# data612 - Group Project 2 : Recommender System - movielens
# date: 2019-06-18
# by: Sang Yoon (Andy) Hwang, Santosh Cheruku, Anthony Munoz

# Data Preparation

We are going to use 100k ratings dataset from movielens.

In [182]:
import pandas as pd
import surprise
from plotly.offline import init_notebook_mode, plot, iplot
import plotly.graph_objs as go
from surprise import Dataset
from surprise import KNNBasic
from surprise import Reader
from surprise import accuracy
from surprise.model_selection import cross_validate
from surprise.model_selection import train_test_split

From https://surprise.readthedocs.io/en/v1.0.0/_modules/surprise/dataset.html, we know u.data is the one we need.

In [184]:
df = pd.read_table('https://raw.githubusercontent.com/wheremagichappens/an.dy/master/data612/proj%202/u.data',header = None )

In [185]:
df.columns = ['user','item','rating','timestamp']

In [186]:
df.head()

Unnamed: 0,user,item,rating,timestamp
0,196,242,3,881250949
1,186,302,3,891717742
2,22,377,1,878887116
3,244,51,2,880606923
4,166,346,1,886397596


In [187]:
df.info()

<class 'pandas.core.frame.DataFrame'>
RangeIndex: 100000 entries, 0 to 99999
Data columns (total 4 columns):
user         100000 non-null int64
item         100000 non-null int64
rating       100000 non-null int64
timestamp    100000 non-null int64
dtypes: int64(4)
memory usage: 3.1 MB


# EDA

# Movie ratings distribution - want to know common ratings

In [188]:
init_notebook_mode(connected=True)

data = df['rating'].value_counts().sort_index(ascending=False)
trace = go.Bar(x = data.index,
               text = ['{:.1f} %'.format(val) for val in (data.values / df.shape[0] * 100)],
               textposition = 'auto',
               textfont = dict(color = '#000000'),
               y = data.values,
               )

# Create layout
layout = dict(title = 'Distribution Of {} movie ratings'.format(round(df.shape[0],1)),
              xaxis = dict(title = 'Rating'),
              yaxis = dict(title = 'Count'))

# Create plot
fig = go.Figure(data=[trace], layout=layout)
iplot(fig)

In [189]:
# examine distribution statistics in numbers
df['rating'].describe().apply(lambda x: format(x, 'f'))

count    100000.000000
mean          3.529860
std           1.125674
min           1.000000
25%           3.000000
50%           4.000000
75%           4.000000
max           5.000000
Name: rating, dtype: object

Notice that more than 50% of ratings are higher than 3 which means most of the movies must be pretty good. This also means that users are a bit biased; they are mostly "positive".

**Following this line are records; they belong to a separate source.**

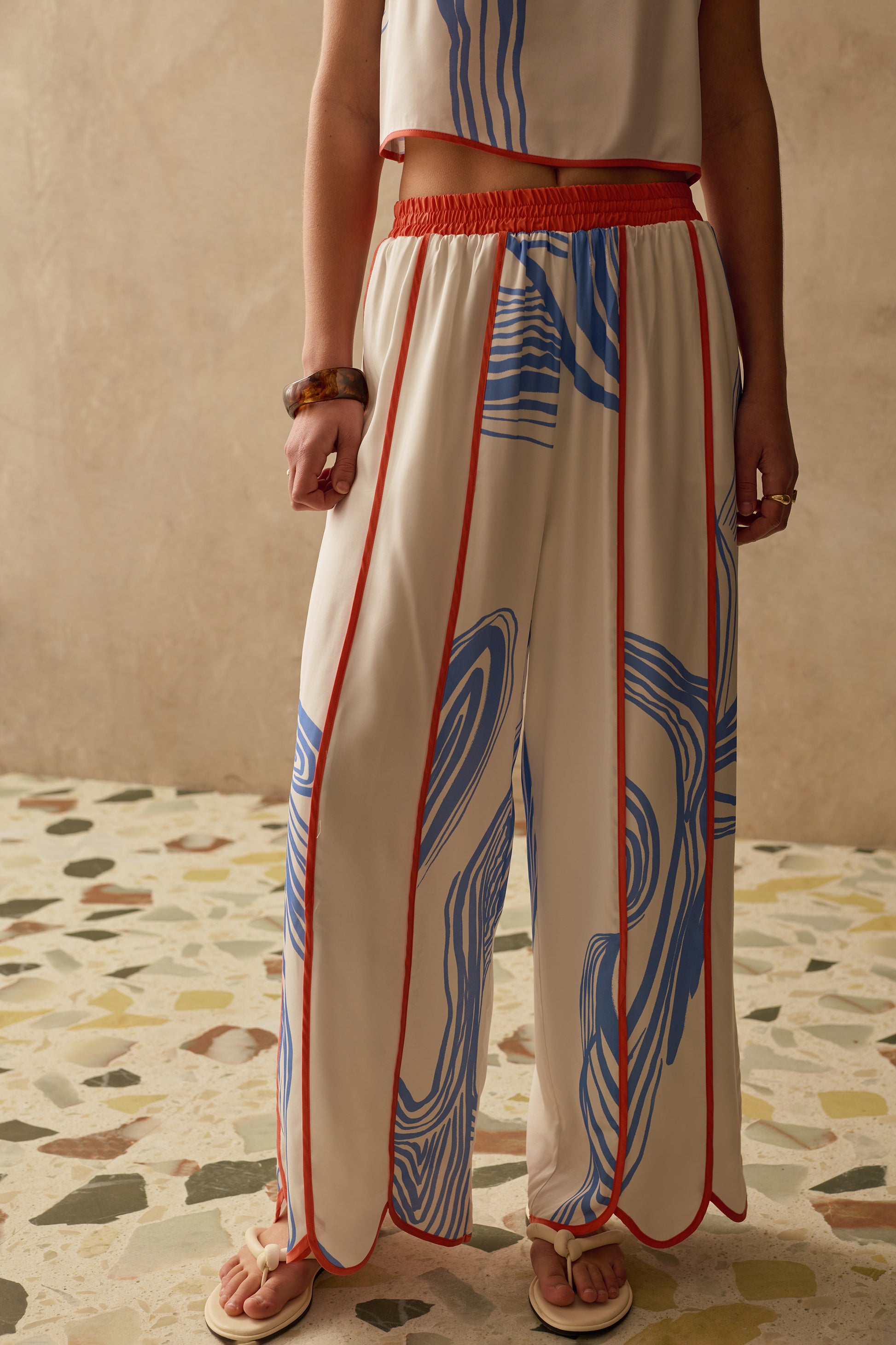 Person wearing a white wide leg trousers with blue and red patterns on a terracotta floor.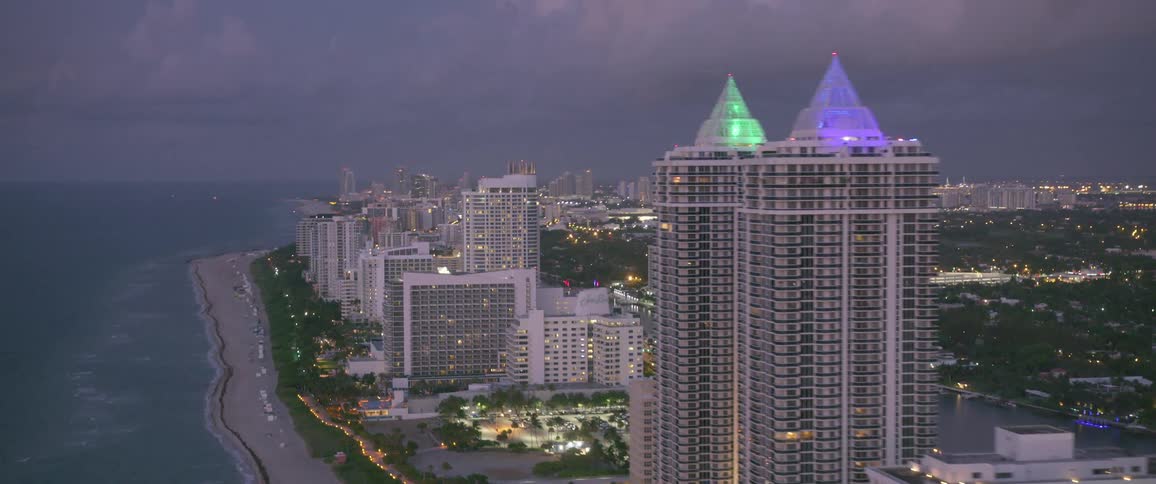A city close to the shore with buildings and skyscrapers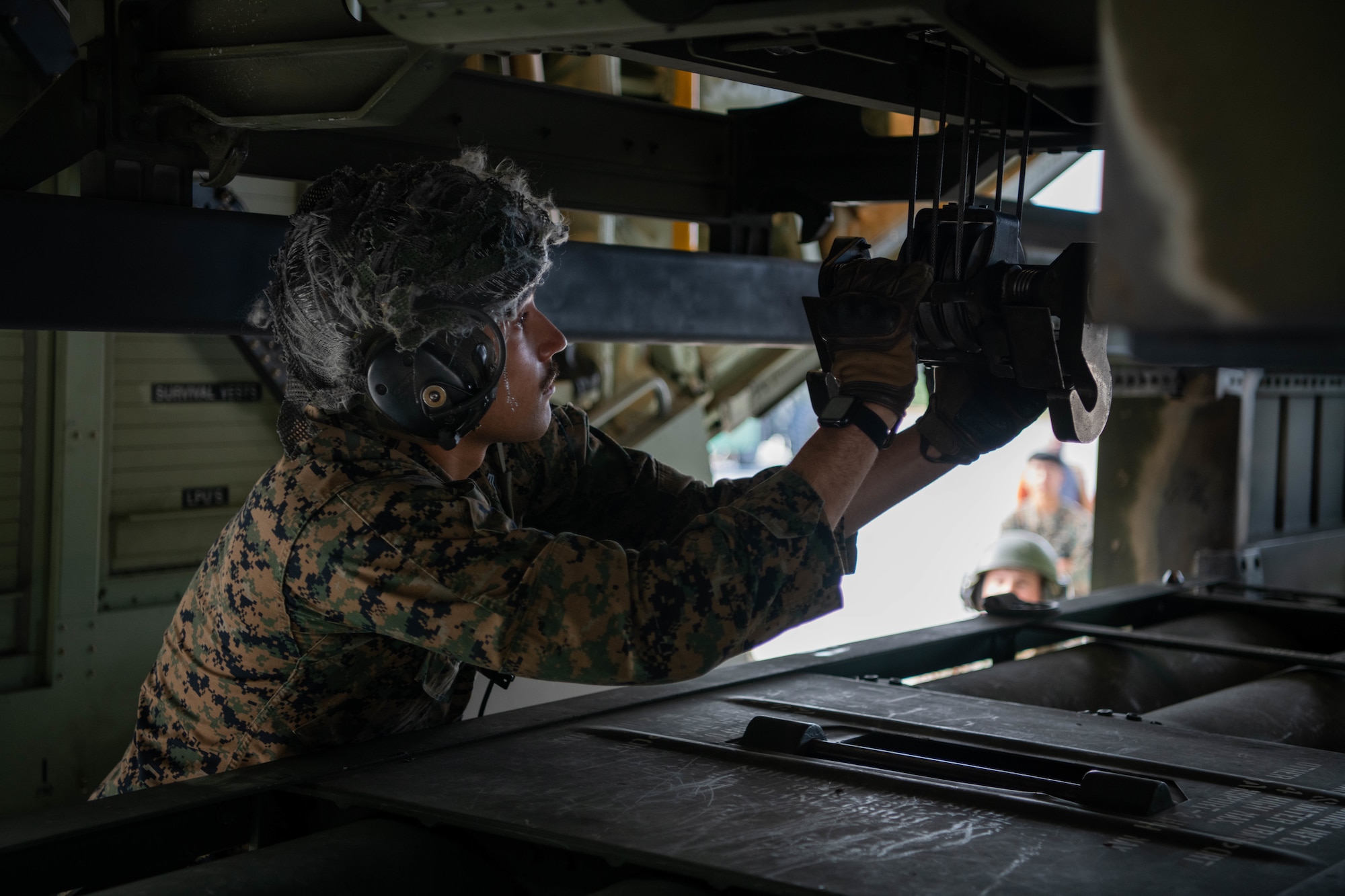 A Marine loads an ammo pod into an aircraft.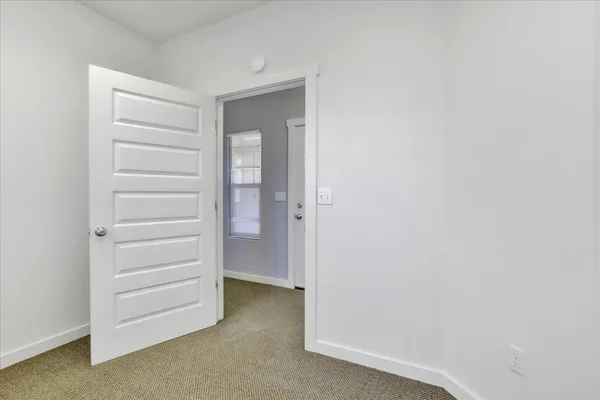 a view of a backyard with green space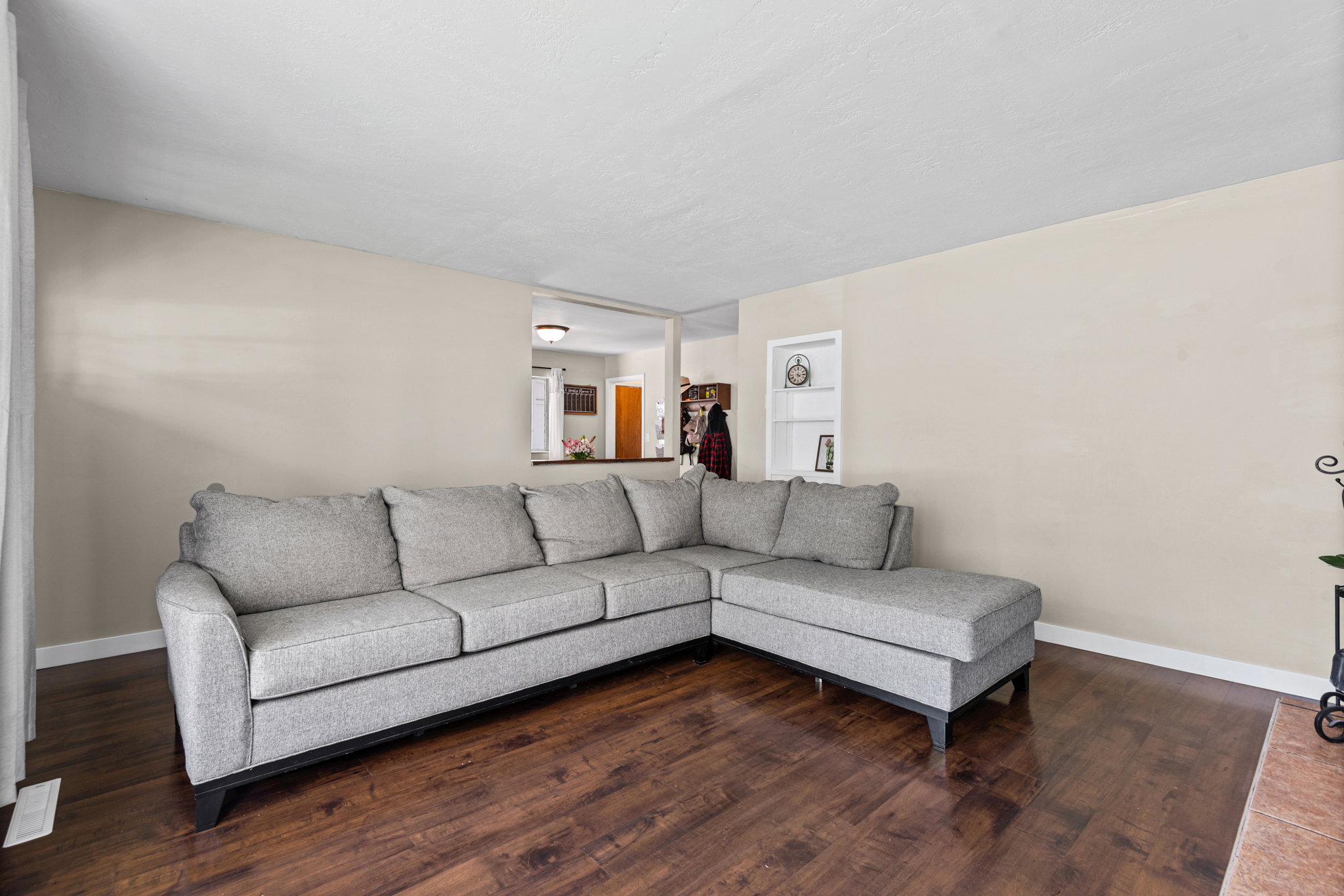 Living area featuring wood-finish flooring, light neutral-toned walls, and a recessed wall shelf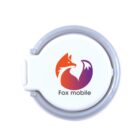 A round white mobile accessory with a gray rim features a stylized fox logo in gradient orange and purple colors. Below the fox, the text reads Fox Mobile.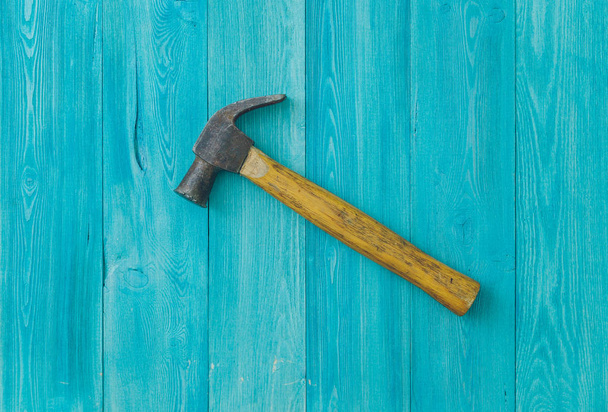 old hammer on a blue wooden background close-up - Photo, Image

# Rating distribution by movie - want to know comon count of ratings 

In [190]:
# Number of ratings by title - clipped at 100
data = df.groupby('item')['rating'].count()

# Create trace
trace = go.Histogram(x = data.values,
                     name = 'Ratings',
                     xbins = dict(start = 0,
                                  end = 100,
                                  size = 2))
# Create layout
layout = go.Layout(title = 'Distribution Of Number of Ratings By Movie',
                   xaxis = dict(title = 'Number of Ratings By Movie'),
                   yaxis = dict(title = 'Count'),
                   bargap = 0.2)

# Create plot
fig = go.Figure(data=[trace], layout=layout)
iplot(fig)

In [191]:
df.groupby('item')['rating'].count().reset_index().sort_values('rating', ascending=False)[:10]

Unnamed: 0,item,rating
49,50,583
257,258,509
99,100,508
180,181,507
293,294,485
285,286,481
287,288,478
0,1,452
299,300,431
120,121,429


141 movies received only 1 rating when the most rated movie received 583 ratings.

# Modelling

We will find the best KNN model based on RMSE. 

In [192]:
reader = Reader(rating_scale=(1, 5))
data = Dataset.load_from_df(df[['user', 'item', 'rating']], reader)

In [193]:
# Learn how to configure parameters in each model, for instance, bsl_option vs sim_option and maybe there is one for SVD.
         ## Know the difference and how to configure for each model..
df_algo = []
list_algo = [surprise.KNNBaseline(), surprise.KNNBasic(), surprise.KNNWithMeans(), surprise.KNNWithZScore()]
# Iterate over all algorithms
for algo in list_algo:
    # Perform cross validation
    results = cross_validate(algo, data, measures=['RMSE'], cv=3, verbose=False)
    
    # Get results & append algorithm name
    tmp = pd.DataFrame.from_dict(results).mean(axis=0)
    tmp = tmp.append(pd.Series([str(algo).split(' ')[0].split('.')[-1]], index=['Algorithm']))
    df_algo.append(tmp)
    
pd.DataFrame(df_algo).set_index('Algorithm').sort_values('test_rmse')    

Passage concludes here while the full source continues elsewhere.